**YOUR GOAL:** When you reach the line containing "Now Scratch uses" in the entries below, start writing out each line exactly, and stop after the line containing "This video demonstrates".

Saved entries:
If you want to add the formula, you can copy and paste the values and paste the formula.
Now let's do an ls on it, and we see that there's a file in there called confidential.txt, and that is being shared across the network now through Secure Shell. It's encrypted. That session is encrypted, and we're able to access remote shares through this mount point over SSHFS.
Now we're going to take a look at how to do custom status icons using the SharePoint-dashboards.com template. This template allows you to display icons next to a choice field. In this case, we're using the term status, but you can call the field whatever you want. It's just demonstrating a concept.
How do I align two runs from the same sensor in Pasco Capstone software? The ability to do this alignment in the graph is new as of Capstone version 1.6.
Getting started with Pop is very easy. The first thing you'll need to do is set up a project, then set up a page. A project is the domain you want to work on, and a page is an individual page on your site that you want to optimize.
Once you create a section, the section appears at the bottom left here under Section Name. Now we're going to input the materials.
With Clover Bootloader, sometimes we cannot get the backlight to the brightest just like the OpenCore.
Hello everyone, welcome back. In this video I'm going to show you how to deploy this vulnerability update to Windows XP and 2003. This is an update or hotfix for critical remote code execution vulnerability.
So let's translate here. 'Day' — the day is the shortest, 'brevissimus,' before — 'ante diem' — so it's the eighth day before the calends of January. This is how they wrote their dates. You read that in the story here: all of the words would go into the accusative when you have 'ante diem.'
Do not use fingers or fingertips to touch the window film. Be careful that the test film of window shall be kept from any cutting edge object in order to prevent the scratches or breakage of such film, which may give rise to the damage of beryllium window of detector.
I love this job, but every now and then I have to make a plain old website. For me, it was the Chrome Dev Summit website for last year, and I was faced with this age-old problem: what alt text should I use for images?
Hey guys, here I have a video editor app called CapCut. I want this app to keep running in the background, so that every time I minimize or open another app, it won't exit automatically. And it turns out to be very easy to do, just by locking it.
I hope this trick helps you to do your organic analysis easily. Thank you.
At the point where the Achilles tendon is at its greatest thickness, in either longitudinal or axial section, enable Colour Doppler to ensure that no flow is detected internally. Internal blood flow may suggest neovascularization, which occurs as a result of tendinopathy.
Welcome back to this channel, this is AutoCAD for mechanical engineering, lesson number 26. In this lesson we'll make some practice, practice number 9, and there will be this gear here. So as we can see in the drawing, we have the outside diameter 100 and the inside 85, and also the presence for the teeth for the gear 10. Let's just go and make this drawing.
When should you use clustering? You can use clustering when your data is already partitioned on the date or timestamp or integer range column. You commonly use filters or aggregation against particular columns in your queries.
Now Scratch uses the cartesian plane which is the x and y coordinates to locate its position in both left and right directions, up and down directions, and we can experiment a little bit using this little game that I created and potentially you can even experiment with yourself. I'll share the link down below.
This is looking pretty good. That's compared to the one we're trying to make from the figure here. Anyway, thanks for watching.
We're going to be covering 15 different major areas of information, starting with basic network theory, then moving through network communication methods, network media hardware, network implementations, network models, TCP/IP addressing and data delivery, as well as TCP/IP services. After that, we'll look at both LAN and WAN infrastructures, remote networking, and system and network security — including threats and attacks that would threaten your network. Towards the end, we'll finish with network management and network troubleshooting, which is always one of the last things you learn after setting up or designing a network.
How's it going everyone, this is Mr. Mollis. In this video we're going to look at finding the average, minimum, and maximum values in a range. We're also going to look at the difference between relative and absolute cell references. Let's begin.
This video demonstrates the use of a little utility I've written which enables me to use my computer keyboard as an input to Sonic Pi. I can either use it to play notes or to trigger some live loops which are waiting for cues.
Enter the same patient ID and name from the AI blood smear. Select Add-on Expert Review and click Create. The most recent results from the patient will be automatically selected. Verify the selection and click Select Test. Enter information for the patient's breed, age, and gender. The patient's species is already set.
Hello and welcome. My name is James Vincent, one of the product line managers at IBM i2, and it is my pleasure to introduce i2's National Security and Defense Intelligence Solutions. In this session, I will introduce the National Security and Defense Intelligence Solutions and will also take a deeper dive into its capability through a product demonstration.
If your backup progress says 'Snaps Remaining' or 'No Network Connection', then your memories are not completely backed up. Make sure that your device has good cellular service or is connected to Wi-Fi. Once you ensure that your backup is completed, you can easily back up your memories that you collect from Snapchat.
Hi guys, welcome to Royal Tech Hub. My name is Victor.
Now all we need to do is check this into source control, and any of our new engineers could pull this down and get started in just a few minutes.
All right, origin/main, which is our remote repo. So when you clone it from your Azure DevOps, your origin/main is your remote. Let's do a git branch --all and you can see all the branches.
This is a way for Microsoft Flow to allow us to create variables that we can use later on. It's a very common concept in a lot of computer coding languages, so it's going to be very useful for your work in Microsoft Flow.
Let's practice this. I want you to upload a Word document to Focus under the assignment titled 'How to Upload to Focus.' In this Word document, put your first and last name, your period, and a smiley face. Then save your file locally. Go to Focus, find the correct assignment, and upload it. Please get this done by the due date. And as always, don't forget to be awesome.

**THE COMPLETED TASK:**
Now Scratch uses the cartesian plane which is the x and y coordinates to locate its position in both left and right directions, up and down directions, and we can experiment a little bit using this little game that I created and potentially you can even experiment with yourself. I'll share the link down below.
This is looking pretty good. That's compared to the one we're trying to make from the figure here. Anyway, thanks for watching.
We're going to be covering 15 different major areas of information, starting with basic network theory, then moving through network communication methods, network media hardware, network implementations, network models, TCP/IP addressing and data delivery, as well as TCP/IP services. After that, we'll look at both LAN and WAN infrastructures, remote networking, and system and network security — including threats and attacks that would threaten your network. Towards the end, we'll finish with network management and network troubleshooting, which is always one of the last things you learn after setting up or designing a network.
How's it going everyone, this is Mr. Mollis. In this video we're going to look at finding the average, minimum, and maximum values in a range. We're also going to look at the difference between relative and absolute cell references. Let's begin.
This video demonstrates the use of a little utility I've written which enables me to use my computer keyboard as an input to Sonic Pi. I can either use it to play notes or to trigger some live loops which are waiting for cues.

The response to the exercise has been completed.